Doppelgipfelglück

Von Nesselwang (911 m) zu Edelsberg (1.624 m) und Alpspitz (1.575 m)

Der Winter war wunderbar, aber wirklich sehr lang. Letzte Woche hat es uns Montags noch einmal in flächendeckendes Weiß gehüllt. Wieder war uns der Frühling entglitten. Diese Woche lässt es sich gut an, die Sonne schleckt den Schnee langsam weg und uns zieht es hinaus. Heute – Freitag Nachmittag – lasse ich einfach die Masterarbeit und statistischen Auswertungen liegen und gönne mir einen ersten Frühjahrsgipfel.

Ich fahre die paar Kilometer nach Nesselwang und parke auf dem zum Glück wieder geöffneten Parkplatz an der Alpsitzbahn. Der mögliche Unterschied zu morgen: Es ist nur sehr wenig los auf dem Parkplatz und damit wahrscheinlich auch unterwegs. Ich freue mich wirklich über die Idee, jetzt bei strahlend blauem Himmel einfach mal wieder loszulaufen. Da vor allem an den nordseitigen Hängen doch noch einiges an Schnee liegt, wähle ich den Forstweg, der zugleich auch Aufstieg für die Tourengeher ist. Die anderen Wege sind mir zu unsicher bzw. mit Schneebelag zu rutschig/anstrengend.
Bis zur Mittelstation der Seilbahn (30 Minuten) ist richtig Frühling – die Wiesen sind voller Blumen, die Zäune für die Rinder werden neu gezogen – Aufbruchstimmung. Das täuscht alles etwas über den wirklich steil ansteigenden Weg hinweg. Nach der Mittelstation kommen so langsam die ersten Schneefelder und damit wieder etwas Winter. Allerdings nimmt der Weg darauf keine Rücksicht und bleibt steil ;-).

Blick vom Sportheim Böck nach Osten zu den Ammergauer Alpen, Wettersteingebirge,…

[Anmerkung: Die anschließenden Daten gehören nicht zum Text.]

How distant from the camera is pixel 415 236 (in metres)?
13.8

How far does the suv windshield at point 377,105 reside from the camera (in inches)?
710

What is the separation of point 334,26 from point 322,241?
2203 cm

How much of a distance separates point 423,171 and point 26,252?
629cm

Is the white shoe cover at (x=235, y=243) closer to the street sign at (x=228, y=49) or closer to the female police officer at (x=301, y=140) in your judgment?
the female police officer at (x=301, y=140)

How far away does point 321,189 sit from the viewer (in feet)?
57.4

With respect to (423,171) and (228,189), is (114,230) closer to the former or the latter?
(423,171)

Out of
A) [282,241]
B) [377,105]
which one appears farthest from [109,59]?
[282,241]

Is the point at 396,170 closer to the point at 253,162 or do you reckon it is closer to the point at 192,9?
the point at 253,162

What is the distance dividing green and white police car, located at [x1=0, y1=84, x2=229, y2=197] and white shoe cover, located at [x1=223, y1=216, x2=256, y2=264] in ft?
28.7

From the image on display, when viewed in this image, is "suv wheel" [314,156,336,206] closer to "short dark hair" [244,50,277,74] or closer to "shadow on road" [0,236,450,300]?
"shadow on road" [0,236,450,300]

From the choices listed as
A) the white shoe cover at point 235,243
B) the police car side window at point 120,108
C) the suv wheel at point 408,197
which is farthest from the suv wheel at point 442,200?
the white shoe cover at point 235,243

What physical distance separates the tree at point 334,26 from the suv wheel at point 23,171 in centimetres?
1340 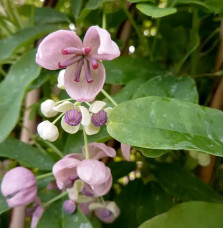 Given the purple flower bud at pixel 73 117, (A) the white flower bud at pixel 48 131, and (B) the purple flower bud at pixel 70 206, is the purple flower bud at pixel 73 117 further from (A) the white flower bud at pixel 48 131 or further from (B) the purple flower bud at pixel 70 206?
(B) the purple flower bud at pixel 70 206

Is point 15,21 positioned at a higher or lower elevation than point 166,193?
higher

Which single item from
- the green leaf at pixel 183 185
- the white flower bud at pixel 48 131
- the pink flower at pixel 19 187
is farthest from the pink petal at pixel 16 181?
the green leaf at pixel 183 185

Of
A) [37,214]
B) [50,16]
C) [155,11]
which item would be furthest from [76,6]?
[37,214]

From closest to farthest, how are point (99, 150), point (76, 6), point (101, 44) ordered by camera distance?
point (101, 44) < point (99, 150) < point (76, 6)

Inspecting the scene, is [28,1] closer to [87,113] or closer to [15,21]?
[15,21]

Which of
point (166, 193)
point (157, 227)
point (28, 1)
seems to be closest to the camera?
point (157, 227)

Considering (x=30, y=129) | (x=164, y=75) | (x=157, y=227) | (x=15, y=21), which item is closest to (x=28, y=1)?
(x=15, y=21)

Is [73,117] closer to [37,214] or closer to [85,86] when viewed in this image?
[85,86] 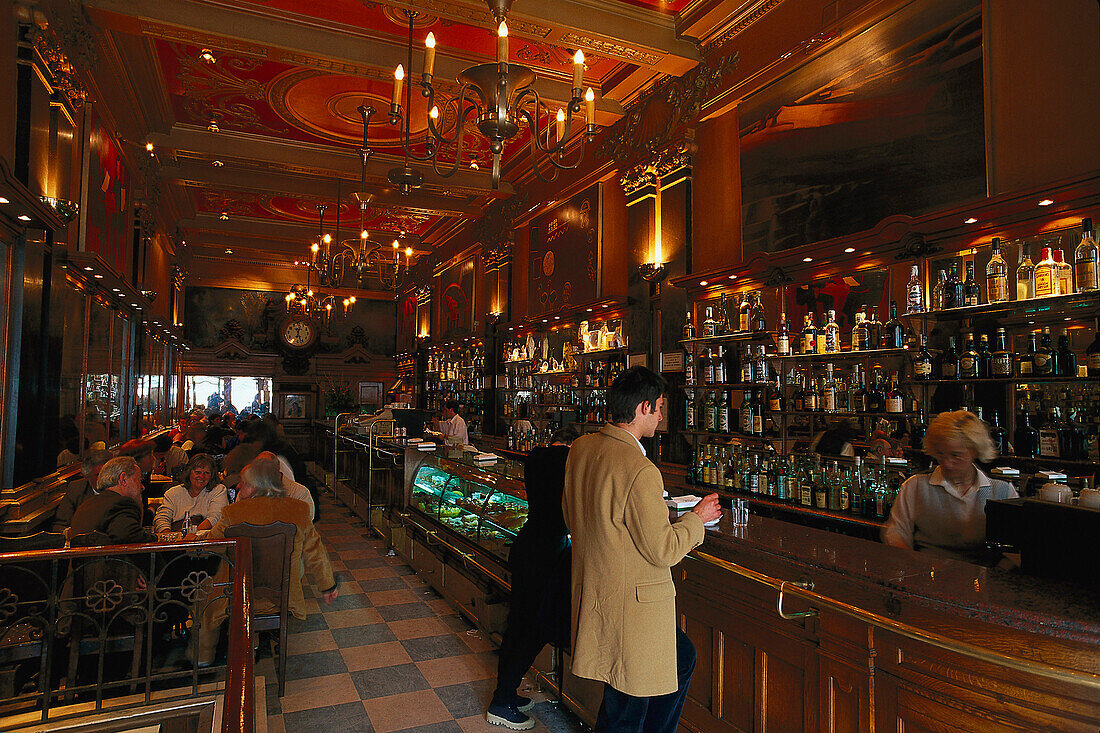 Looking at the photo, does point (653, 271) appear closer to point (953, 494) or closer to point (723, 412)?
point (723, 412)

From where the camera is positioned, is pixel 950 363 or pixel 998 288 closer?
pixel 998 288

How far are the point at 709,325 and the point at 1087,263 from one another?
3.08m

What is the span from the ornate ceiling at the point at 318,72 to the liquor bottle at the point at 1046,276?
156 inches

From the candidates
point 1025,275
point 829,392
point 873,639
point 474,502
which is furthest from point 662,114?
A: point 873,639

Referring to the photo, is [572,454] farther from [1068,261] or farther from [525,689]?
[1068,261]

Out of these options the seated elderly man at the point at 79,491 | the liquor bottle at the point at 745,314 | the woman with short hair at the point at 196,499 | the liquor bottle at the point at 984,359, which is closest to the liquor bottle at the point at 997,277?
the liquor bottle at the point at 984,359

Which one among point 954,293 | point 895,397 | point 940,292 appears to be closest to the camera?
point 954,293

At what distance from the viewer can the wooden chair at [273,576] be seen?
159 inches

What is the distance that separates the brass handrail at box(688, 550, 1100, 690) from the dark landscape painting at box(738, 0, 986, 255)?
3187 mm

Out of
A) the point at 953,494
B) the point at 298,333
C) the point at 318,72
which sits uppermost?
the point at 318,72

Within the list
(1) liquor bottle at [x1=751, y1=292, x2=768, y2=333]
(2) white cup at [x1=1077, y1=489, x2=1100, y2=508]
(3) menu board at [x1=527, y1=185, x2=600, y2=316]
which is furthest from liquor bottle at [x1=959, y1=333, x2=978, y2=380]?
(3) menu board at [x1=527, y1=185, x2=600, y2=316]

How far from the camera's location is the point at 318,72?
7766mm

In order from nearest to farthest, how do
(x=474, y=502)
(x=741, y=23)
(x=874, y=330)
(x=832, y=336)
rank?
1. (x=874, y=330)
2. (x=832, y=336)
3. (x=474, y=502)
4. (x=741, y=23)

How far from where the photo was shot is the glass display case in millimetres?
4691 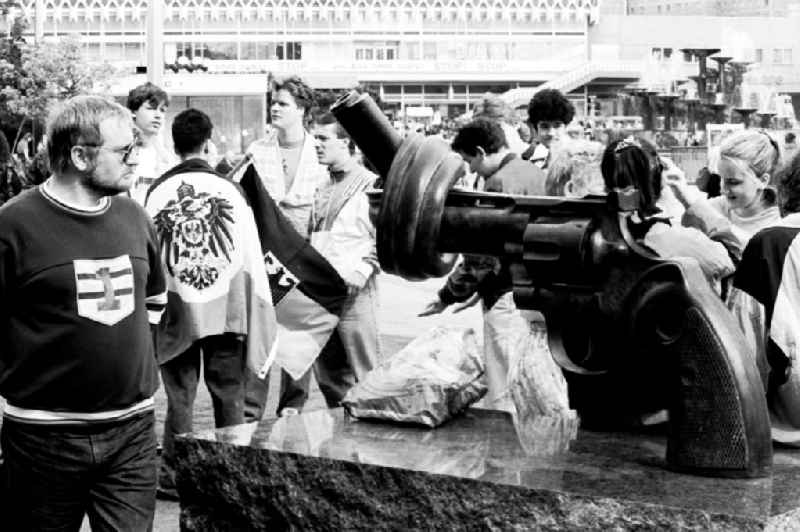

Bald ist der Weg unter einer dicken Schneedecke begraben und ich muss entlang der Skipiste – mal im Schnee und mal am trockenen Waldrand – aufsteigen. Und plötzlich ist es da, das Sportheim Böck mit seiner herrlichen Panoramalage. Leider ist es noch nicht das Ende des Aufstiegs und leider wartet hier auch gerade kein kühles Radler oder ein Stück Kuchen auf mich. Aber gute Vorsorge ist die halbe Miete. Mein Kuchen steckt im Rucksack und ich habe mir fest vorgenommen, diesen auf dem Gipfel zu verzehren … also weiter geht’s und aufwärts geht’s. Immer weiter im Schnee geht es zum Edelsberg hinauf, den wir bei unserer Schneeschuhtour vor einigen Wochen leider kältebedingt nicht ganz geschafft haben.

Endlich darf ich mal wieder nach Österreich schauen und sehe mit Wehmut auf die Lieblingsgipfel, die wir seit mehr als einem Jahr – mit einer Ausnahme – nicht besuchen konnten. Aber sicher bald…

Jetzt kommt endlich mein Kuchen zum Einsatz, wobei der Genuss von zwei lautstark fachsimpelnden Frauen getrübt wird – tiefschürfende psychologische Analysen. Möglicherweise interessant, nur nicht für mich und nicht in der Lautstärke. Als es still wird, denke ich, dass sie mich wohl endlich als unerwünschte Zuhörerin nicht haben wollen – es war leider nur die Atempause.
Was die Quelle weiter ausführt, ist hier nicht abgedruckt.